How can you recognize these people? A lot of my close friends genuinely appreciate the way I act in public and view it as both hilarious and liberating. Others laugh and pretend like I've cracked a good joke but never invite me back. How can I tell if they are laughing at me or with me?


I hardly ever ask a question that I have no interest in......if I do that, I find it hard to focus on their answer, and to remember it, which makes me worry that they'll eventually realise I wasn't really interested. People seem to accept me if I seem to have just the right level of interest in them - too much and they'll get scared off, too little and they'll feel frustrated and move on.

I wish I knew how to tell the difference between genuine appreciation and fake appreciation.
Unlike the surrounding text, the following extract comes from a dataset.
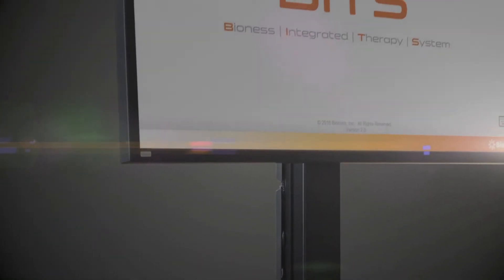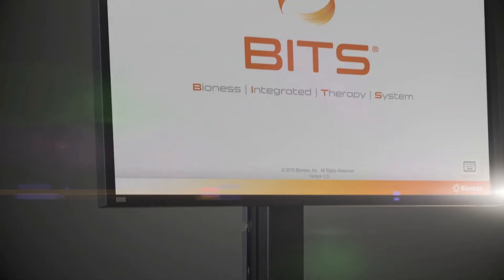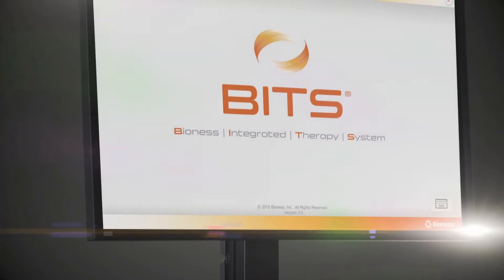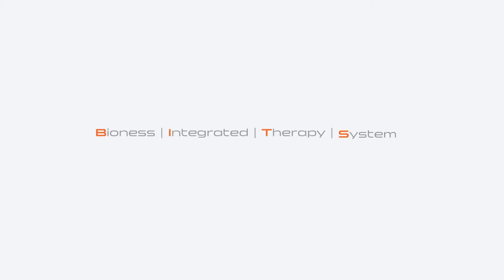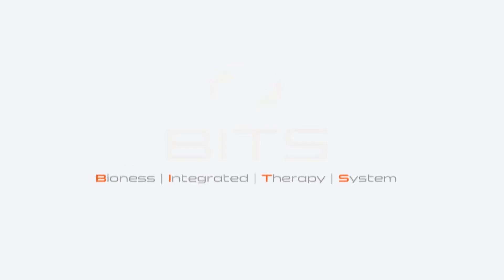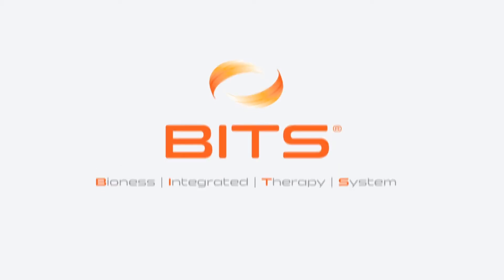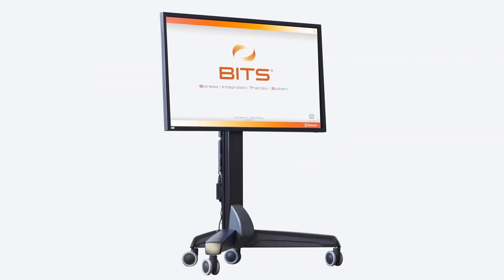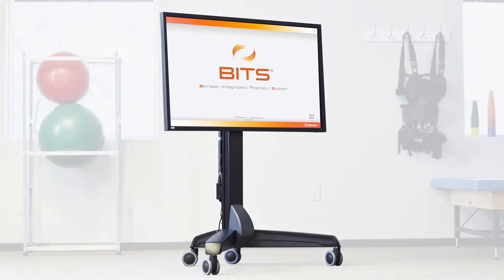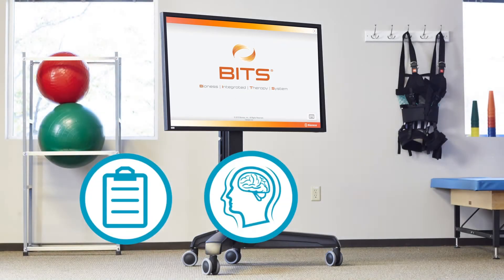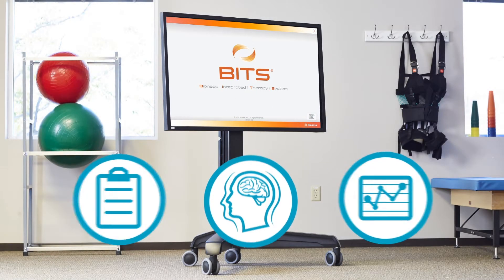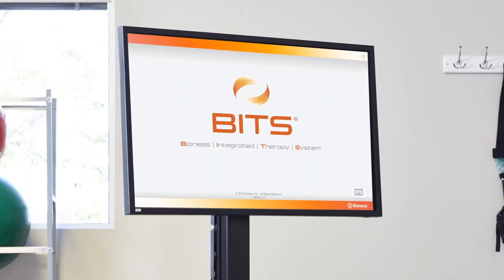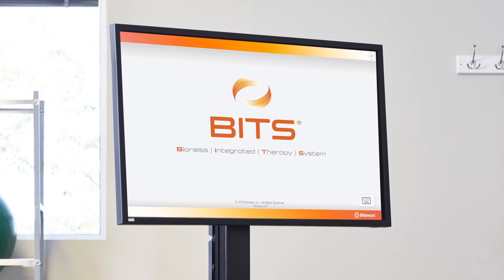Rehab's most advanced software-based therapy solution just got better. Version 2.0 of the Bioness Integrated Therapy System, or BITS, features a range of enhancements that improve your ability to assess, treat, and track progress all in one streamlined and easy-to-use solution.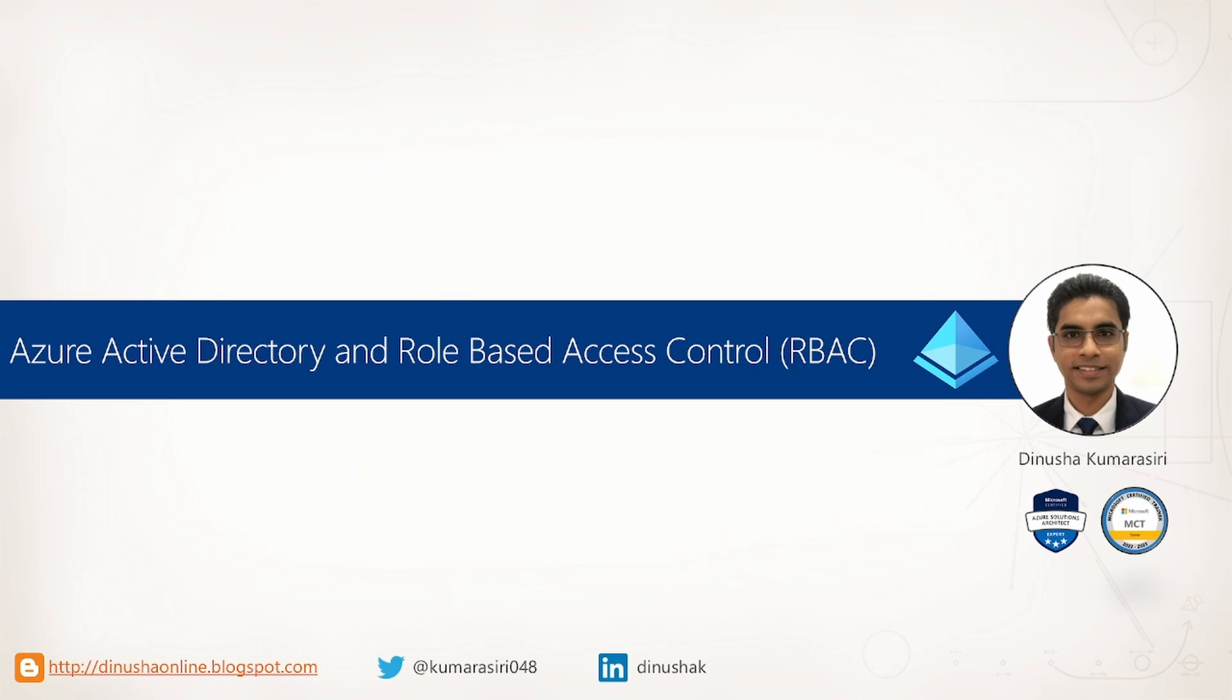We are familiar with role-based access control, right? Do you know how role-based access control works in Microsoft Azure? And what sort of assistance Azure Active Directory provides to implement RBAC?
Mostly I can't. Sometimes they're not very good at faking it and I can detect the falseness of their laughing and smiling, other times all I can do is wait and see how they react to me over the long term. I think it's usually possible to redeem myself after I've blown it......people are generally quite forgiving as long as I haven't gone too crazy, so you get time off for good behaviour. And I'm probably better off without them if they're too squeamish.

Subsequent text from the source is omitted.